A sinistra si discute delle elezioni europee, ed è normale. Meno “normale”, anche se assolutamente abituale, è il come se ne discute. Quel che pensiamo dell’operazione De Magistris, della sua lista  della sinistra europeista, l’abbiamo già scritto. Mentre un’idea su chi la sostiene, ogni lettore può farsela leggendo questo documento della Direzione del Prc, dove il passaggio più qualificante è la richiesta di “ricandidatura della compagna Eleonora Forenza“… Niente di male, ognuno ha le sue priorità.
Qui vogliamo invece occuparci di un’altra parte della sinistra, quella che si è appena separata da Rifondazione: Potere al popolo (Pap).


Parlando della riunione del Coordinamento nazionale di Pap, ne scrive su Contropiano Sergio Cararo. Riferendosi alle recenti vicende della Legge di bilancio, il suo editoriale sottolinea giustamente la necessità di un “Piano B” nel confronto con l’Ue, ma la formula utilizzata per descriverlo – la previsione della «rottura, anche unilaterale, con i Trattati europei» – è come sempre fumosa. Se si rompono i Trattati si esce dall’Ue ed a maggior ragione dall’euro. La verità è che un Piano B o include espressamente questa scelta o non è un vero Piano B. 


Fin qui, comunque, nulla di nuovo. Il punto è che al solito pasticciaccio di chi vede il problema ma ha paura ad affrontarlo per l’irrisolto tabù della questione nazionale, si aggiunge un’analisi della fase irrealistica assai. Non solo si dà un giudizio tranchant sul governo italiano, che avrebbe semplicemente “capitolato” al pari di Tsipras, ma per Cararo questa valutazione si inserisce in un quadro europeo dove: «la contrapposizione tra europeisti liberalprogressisti ed europeisti della destra nazionalista è del tutto ingannevole».
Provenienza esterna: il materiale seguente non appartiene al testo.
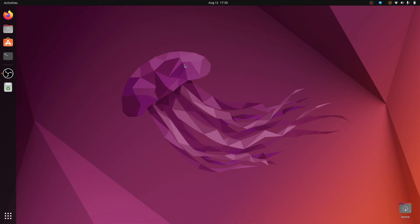Hello guys, welcome back to the Simple Snip Code. My name is Rahul and in this video we will install Node.js in Ubuntu 22.04.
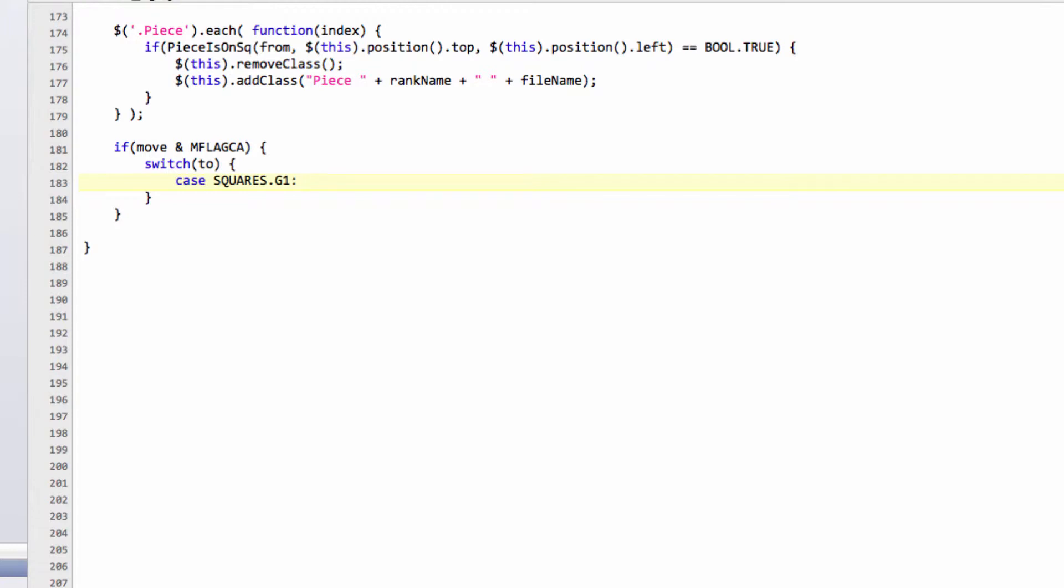then we know that the rook has to go from H1 to F1. So we can say remove GUI piece, and we can say squares.H1. So we take the rook off F1, and then we'll add GUI piece, and we'll add it onto squares.F1, and we're adding obviously a pieces.WhiteRook.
Chiaro che, così ragionando, si considera ormai chiusa la vicenda populista, che si vorrebbe in tal modo archiviare come un momentaneo accidente, una parentesi mai davvero compresa (e questo è il fatto), nel normale scorrere delle vicende politiche e sociali, italiane e del continente. E’ questo un tipico caso di wishful thinking, o “Pensiero illusorio“, che unisce non a caso i commentatori mainstream a tanti esponenti della sinistra.
Ma che c’entra tutto ciò con l’approccio di Pap alle elezioni europee? C’entra eccome, dato che il report della riunione di Potere al popolo, muove – peraltro amplificandole – dalle stesse identiche premesse. Più esattamente dalle stesse identiche illusioni. Secondo il coordinamento di Pap: «la stessa incapacità del governo di risolvere i problemi degli italiani e di far ripartire il paese, lascia aperto uno spazio politico enorme». Di più, siccome il governo fa schifo, ma l’opposizione pure, Pap scrive alla lettera che si tratta di due “buone notizie“. Da qui l’idea di verdi praterie da conquistare, annunciata con un solo dubbio: «Insomma: la situazione sta lavorando per noi, ma noi sapremo lavorare per la situazione?». Se non è autoreferenzialità questa non sappiamo più cosa sia l’autoreferenzialità.
Detto questo, Pap ha due problemi: cosa dire sull’Europa agli italiani, come presentarsi all’appuntamento elettorale di maggio. Se sul primo punto la risposta è vuota, sul secondo è comica. Ma vediamoli entrambi.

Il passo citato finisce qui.